7G monitored offsetting activity in the regions surrounding its Horn River and North Dakota Bakken holdings, and shot a seismic program at Horn River to more closely define the shale deposit edge.  By the summer of 2010 it was clear that Kakwa offered the best economics, as measured by the commodity price required to earn an internal rate of return that would be sufficient to attract financing for a commercial development. Potentially, they were among the best in North America. Seven Generations sold its Horn River lands in 2010 and North Dakota Bakken assets in 2011, redeploying the proceeds, including a significant gain on the initial investment, to buy more land and expand drilling of the Upper and Middle Montney formations. The Kakwa River Project was born.

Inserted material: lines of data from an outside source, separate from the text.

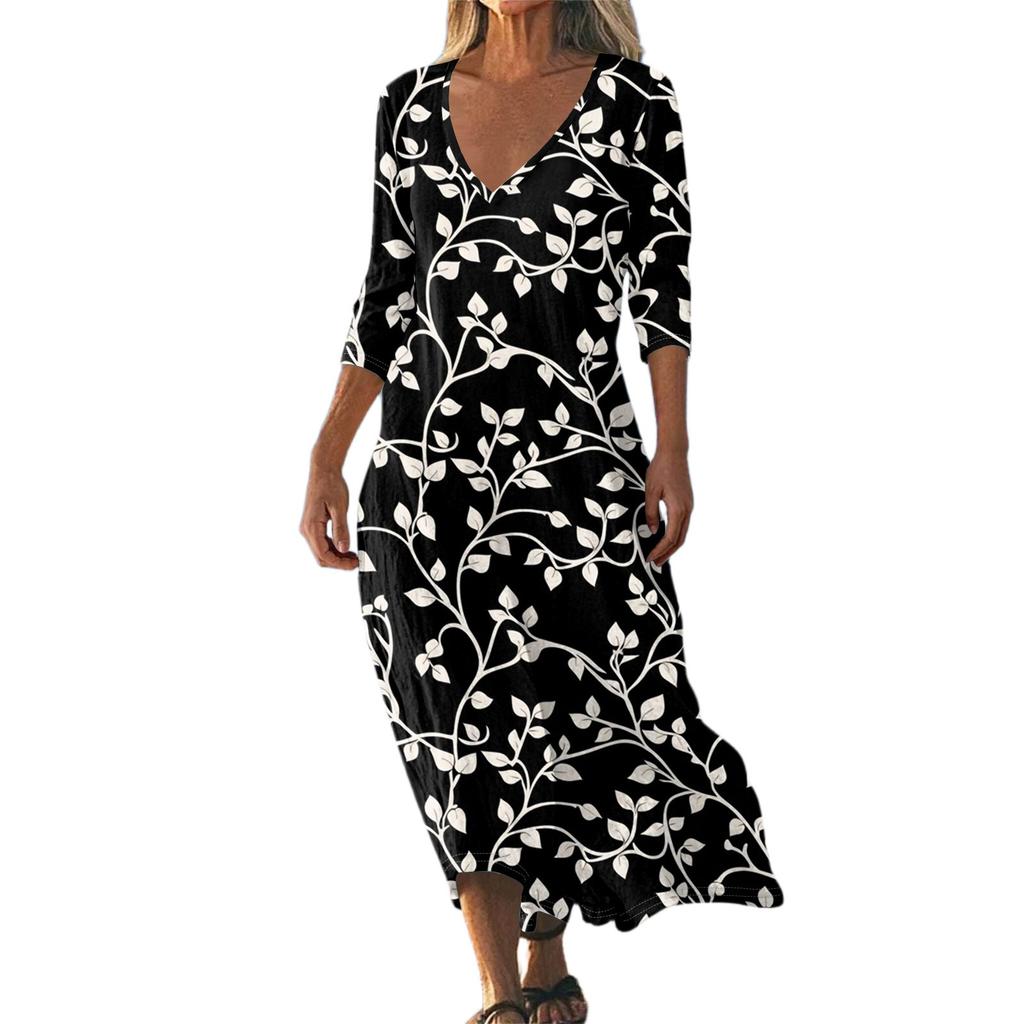Women's Vintage Print Tunic Waisted Midi Dress Summer Casual 3/4 Sleeve Dress Dress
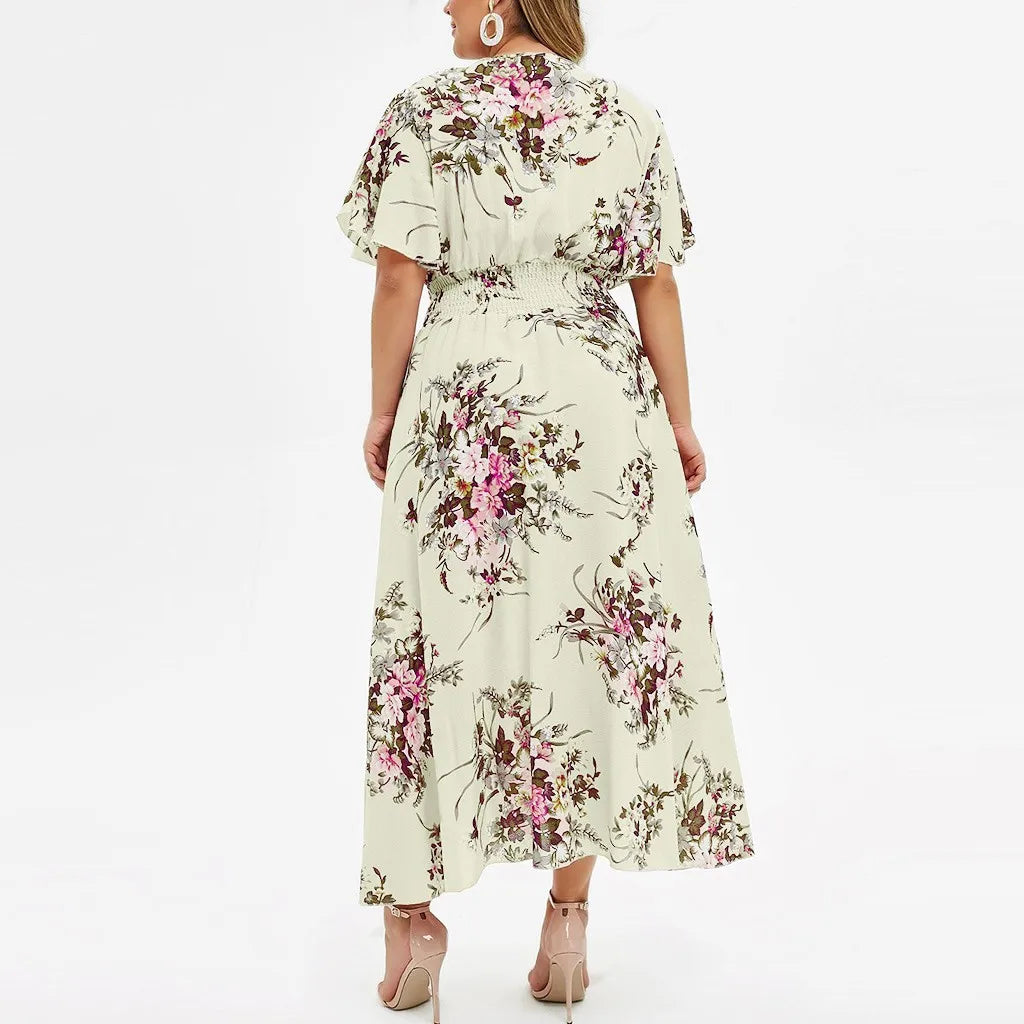 Damen Maxikleid mit Blumenmuster, weiß, kurzärmelig, Plus Size, Sommermode.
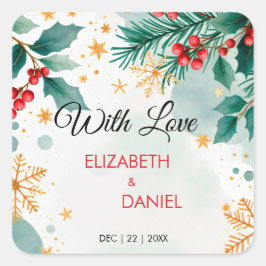 Waterverf kerstbruiloft met Holly Vierkante Sticker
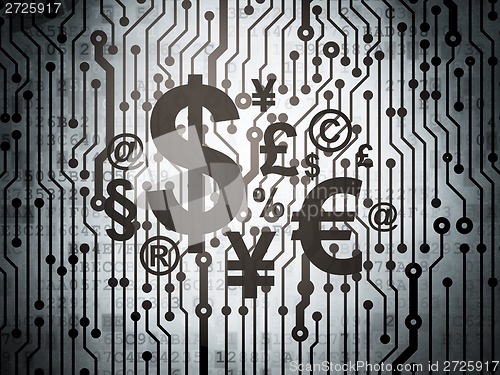 Image of Advertising concept: circuit board with Finance Symbol
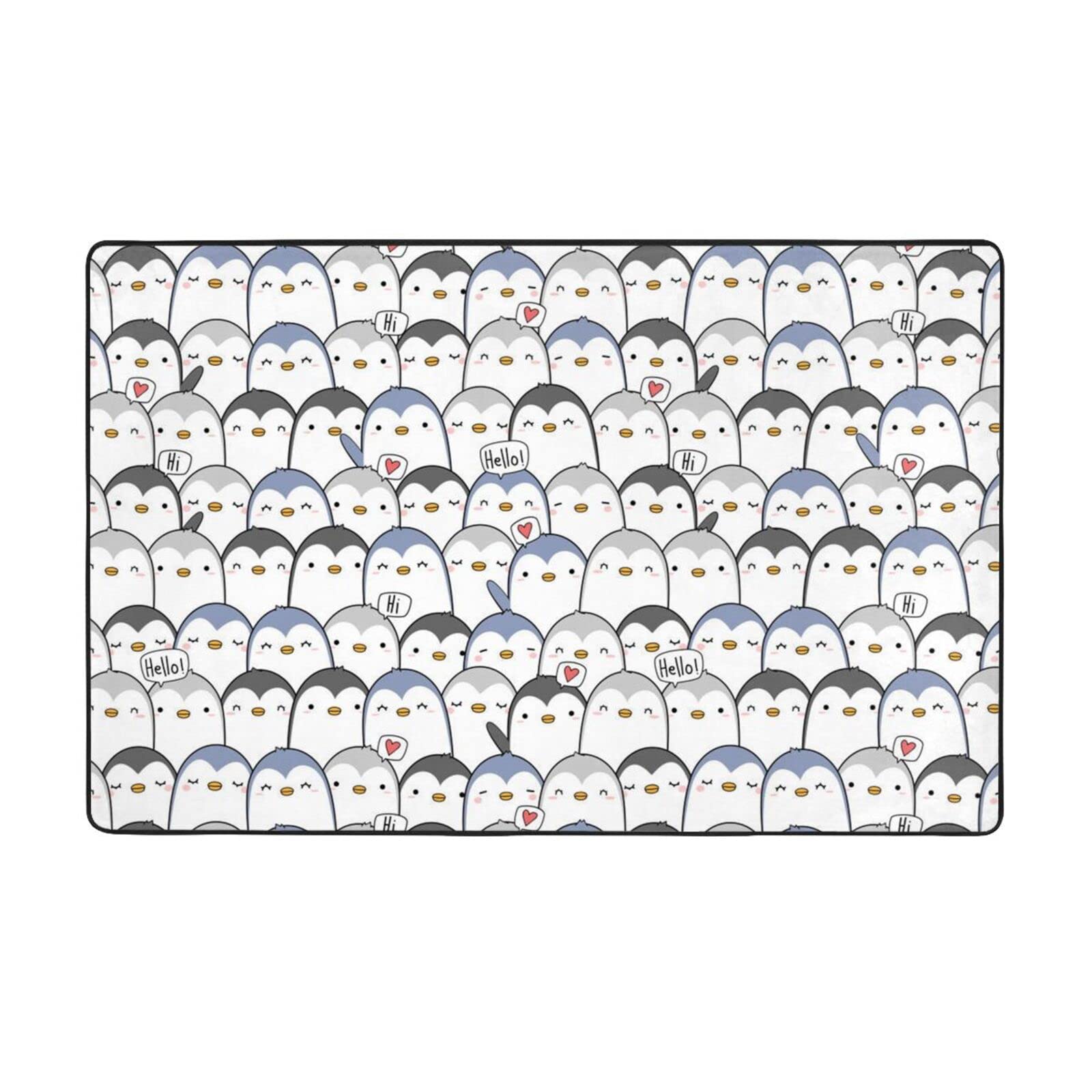 Grand tapis de cuisine pingouin lavable antidérapant pour salle à manger 150x100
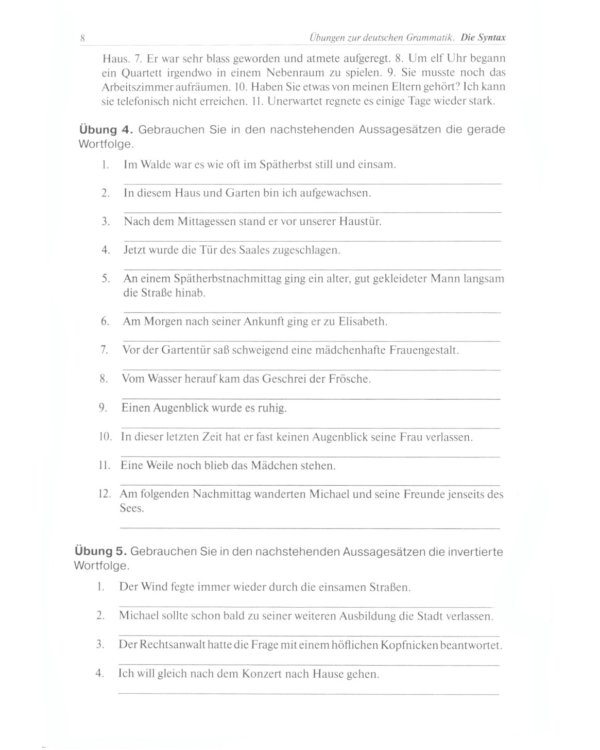 Ubungen zur deutschen Grammatik = Упражнения по грамматике немецкого языка. Синтаксис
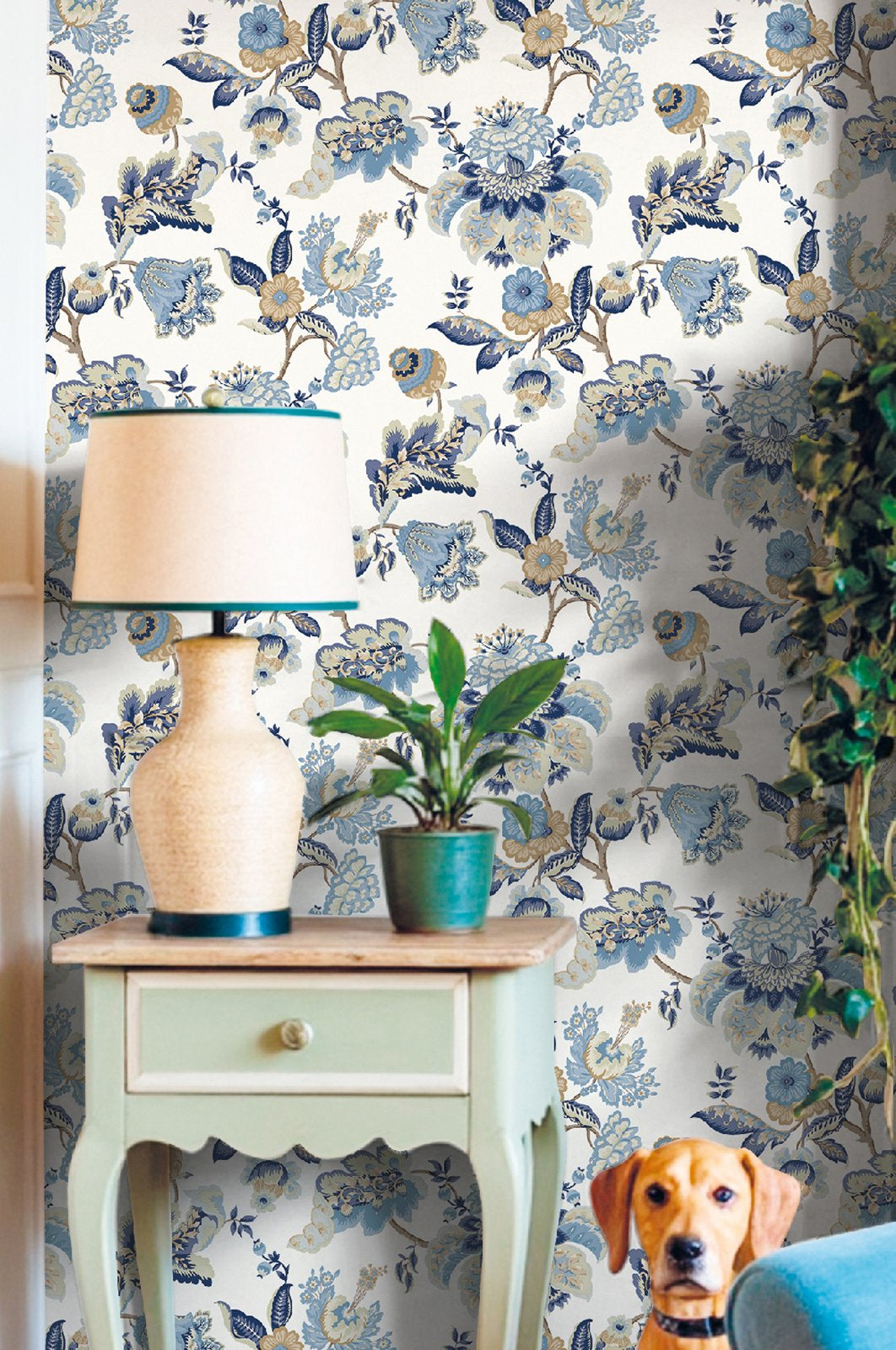 Jacobin Garden Wallpaper in Blue color - pattern number 8303 - by Galerie in the Blooming Garden collection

An Attractive Investment, Accelerated Activity

With a large injection of capital from the Canada Pension Plan Investment Board and other financiers willing to invest during the private phase, Seven Generations crafted a large-scale, multi-year development plan and began ramping up land acquisitions and facilities construction in late 2012, then accelerated deep, long-reach horizontal development drilling in mid-2013.

Going Public

In the first half of 2014, the founding investors determined that to fully develop Kakwa significant new capital was required, and Seven Generations completed a highly-successful initial public offering of common shares in early November, raising $931.5 million, selling 51.75 million shares at $18 each.

Rapid Production Growth, Expanded Pipeline Sales Capacity

With sufficient growth capital in hand, and an investment opportunity that the company believed would generate attractive returns – even in the depressed prices of the over-supplied natural gas market, Seven Generations moved forward in 2014 and 2015, increasing the pace of drilling and expanding its liquids-rich natural gas processing and transportation capacity to align with its large-scale, multi-year development strategy. Seven Generations reached agreements with Alliance Pipeline and Aux Sable, a processing company with natural gas liquids extraction and fractionation plant in Illinois, securing transportation arrangements to the U.S. Midwest, one of the largest energy markets in North America. Seven Generations’ bold move saw it increase pipeline capacity arrangements well in advance of having the production in place – for up to 500 million cubic feet per day of liquids-rich natural gas on Alliance, ramping up from 250 million cubic feet per day over a three-year period that started in late 2015. In mid-2015, 7G added about 100 million cubic feet per day of lean natural gas transportation capacity starting in 2018 on TransCanada’s NGTL system. 7G also contracted transportation for approximately 46,000 barrels of liquids per day on Pembina Pipeline’s Peace Pipeline to markets in Alberta starting in 2017. In late 2016, 7G added about 100 million cubic feet (MMcf) of pipeline capacity from Chicago to the Gulf of Mexico, and secured roughly 80 MMcf/d of additional pipeline capacity to Dawn, Ontario, commencing in November 2018, pending National Energy Board approval.

In the second quarter of 2017, 7G added natural gas pipeline transportation capacity to further diversify market access. The company contracted delivery capacity to the Pacific Northwest and northern California on TransCanada’s Foothills and Gas Transmission Northwest pipelines starting with modest volumes in November 2019, ramping up to almost 90 MMcf/d in 2020. This solidifies 7G’s market access to new customers in Washington, Oregon and California, adding to its established markets in the U.S. Midwest, Alberta, Eastern Canada and the U.S. Gulf Coast. In addition to this delivery commitment, 7G is adding TransCanada NGTL receipt capacity, taking contracted NGTL receipt capacity to about 680 MMcf/d. These market access arrangements phase in over a period of time and support 7G’s future production growth.

7G's diversified natural gas market access now totals more than 1 Bcf/d of firm service transportation capacity to Alberta (AECO), Eastern Canada (Dawn), the US Mid-West (Chicago Citygate), the Gulf Coast (Henry Hub), and US West (Malin).